Once this became clear, we dug in harder into the design. We knew we had a tricky situation with the pseudo random binary sequencer (PRBS) tricking the synthesizer into not bothering to implement the encoder. We’d already protected the encoder with “don’t touch” attributes that told the synthesizer to keep its ambitious little hands off our code. But, we didn’t protect the separate module for the “real” FEC. And, we hadn’t protected the decoder either. And, now we had this much larger loop in the interleaver. We got to work protecting the design against the optimizer, and then doing a lot of optimizing ourselves in order to free up more resources. After properly protecting all the new code, which implemented all the missing parts of the encoder and the decoder, we now also had more logic in the design from the proper loop sizing. We removed the (unused) TDD function, I2C peripheral, and SPI peripheral. We simplified anything we could think of that was a buffer. We thought about removing PRBS entirely, but the savings were minimal. For a brief moment, we got under the LUT limit. Here’s what that looked like.

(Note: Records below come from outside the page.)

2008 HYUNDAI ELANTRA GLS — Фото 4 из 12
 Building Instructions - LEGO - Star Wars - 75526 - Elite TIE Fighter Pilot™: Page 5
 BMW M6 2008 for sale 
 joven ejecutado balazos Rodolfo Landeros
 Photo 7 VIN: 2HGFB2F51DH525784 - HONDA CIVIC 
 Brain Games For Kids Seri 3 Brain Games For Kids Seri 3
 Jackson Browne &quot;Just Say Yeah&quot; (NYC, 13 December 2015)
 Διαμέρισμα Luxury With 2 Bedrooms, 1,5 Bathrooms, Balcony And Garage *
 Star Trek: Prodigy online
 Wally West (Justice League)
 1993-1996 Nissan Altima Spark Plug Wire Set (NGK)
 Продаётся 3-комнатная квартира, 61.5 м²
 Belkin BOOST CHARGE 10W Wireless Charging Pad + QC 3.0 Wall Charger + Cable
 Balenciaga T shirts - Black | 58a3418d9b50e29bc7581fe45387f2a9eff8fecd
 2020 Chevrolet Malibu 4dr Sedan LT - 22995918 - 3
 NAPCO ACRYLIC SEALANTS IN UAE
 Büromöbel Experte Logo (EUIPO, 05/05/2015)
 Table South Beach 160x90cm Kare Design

It looked like we’d succeeded. But, the table of utilization results broke the bad news. We’d protected the frame encoder, the FEC encoder, and the frame decoder, but the synthesizer had still removed most of the internals from the FEC decoder. It looked good from the top level, but it was missing vital functions deep inside. Protecting all the signals in the decoder busted our LUT limit hard. There was nothing else to remove without cutting deeply into the quality of the design. We were already settling for hard (instead of soft) decisions in the frame sync word detector and FEC, and we were already running with a compromised byte-level interleaver. We still had symbol lock to integrate, and we didn’t want to rewrite the entire design just to fit this one hardware development target.
It was time to move to a different development target. This process of changing from a platform you’ve outgrown to another with better resources is much like abandoning a sinking ship. You really don’t want to jump into the freezing cold ocean unless you can see the lifeboats coming from the other ship. But, we knew this day was coming, and we were prepared.